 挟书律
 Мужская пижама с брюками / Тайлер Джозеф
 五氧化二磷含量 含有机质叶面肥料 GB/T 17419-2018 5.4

-- -- --

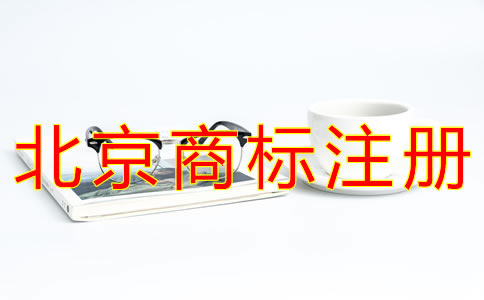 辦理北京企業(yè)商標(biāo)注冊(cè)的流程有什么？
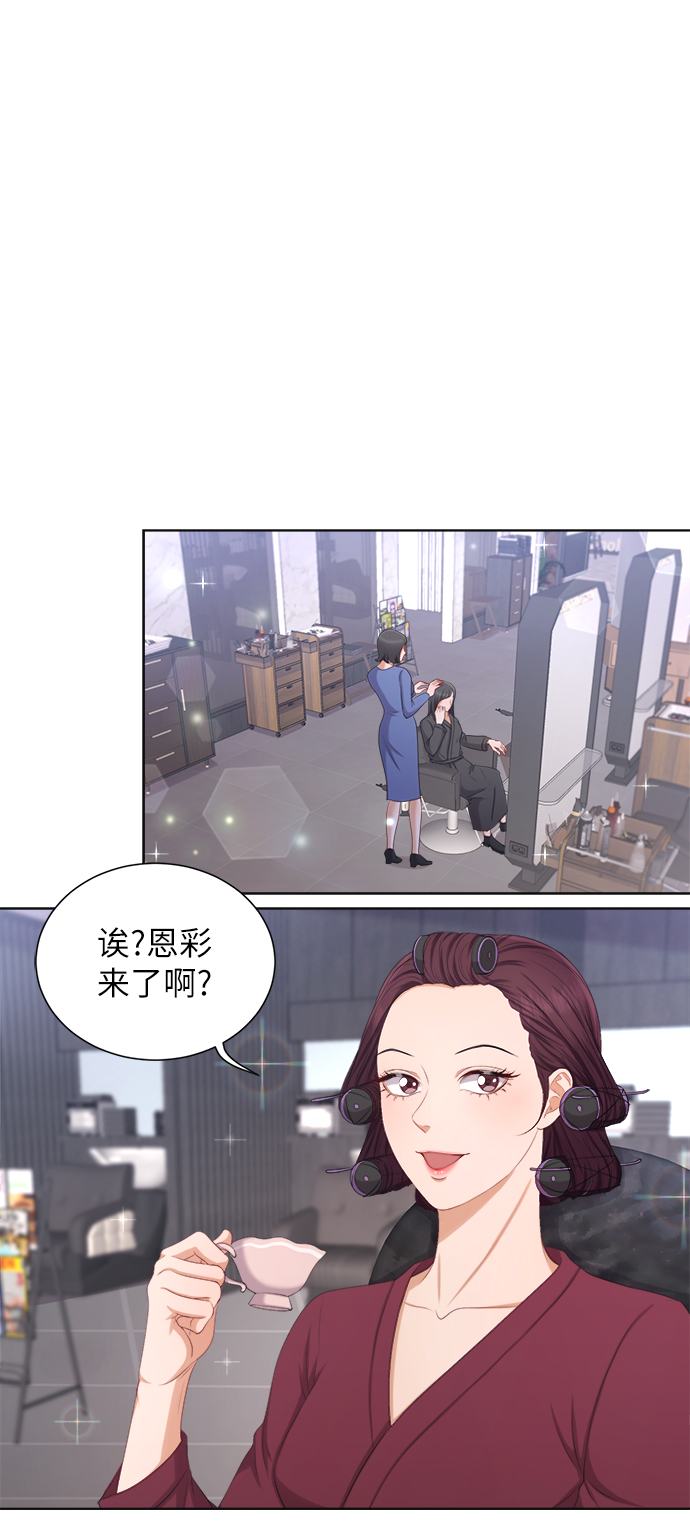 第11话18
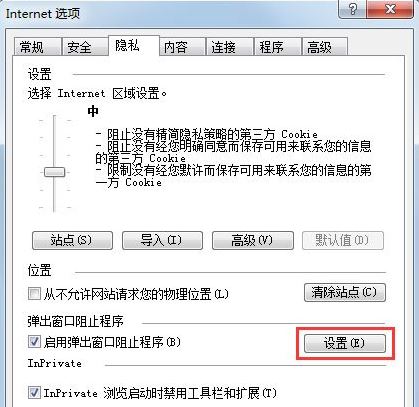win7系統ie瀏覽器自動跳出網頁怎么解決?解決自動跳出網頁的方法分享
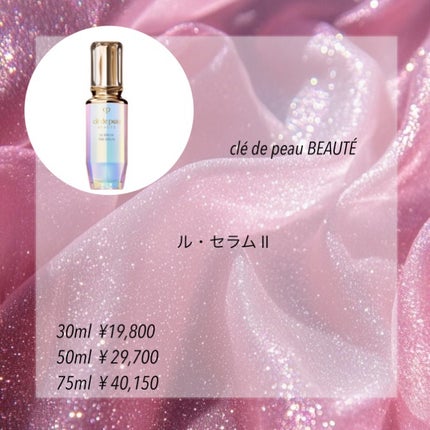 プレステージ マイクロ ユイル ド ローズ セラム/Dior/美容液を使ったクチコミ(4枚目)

-- -- --

■ Description of the task ■
Reproduce the lines above beginning at the line that contains "win7系統ie瀏覽器自動跳出網頁怎么解決?解決自動跳出網頁的方法分享" and ending at the line that contains "プレステージ マイクロ ユイル". No pictures.

■ Solved problem ■
win7系統ie瀏覽器自動跳出網頁怎么解決?解決自動跳出網頁的方法分享
 プレステージ マイクロ ユイル ド ローズ セラム/Dior/美容液を使ったクチコミ(4枚目)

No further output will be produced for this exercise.